#### [DATA SHOWN]
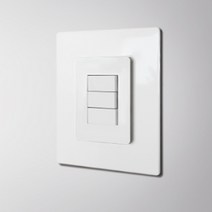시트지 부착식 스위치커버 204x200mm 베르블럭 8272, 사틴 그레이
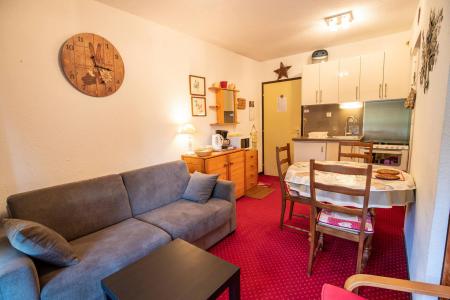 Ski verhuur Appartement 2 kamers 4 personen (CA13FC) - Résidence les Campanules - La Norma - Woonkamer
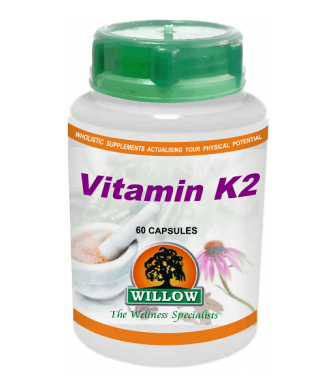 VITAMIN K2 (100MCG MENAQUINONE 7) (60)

#### [ACTIVITY]
Copy nothing but the lines from the line that contains "Ski verhuur Appartement" through the end of the listing, exactly, and keep pictures out of it.

#### [OUTPUT OF THE EXERCISE]
 Ski verhuur Appartement 2 kamers 4 personen (CA13FC) - Résidence les Campanules - La Norma - Woonkamer
 VITAMIN K2 (100MCG MENAQUINONE 7) (60)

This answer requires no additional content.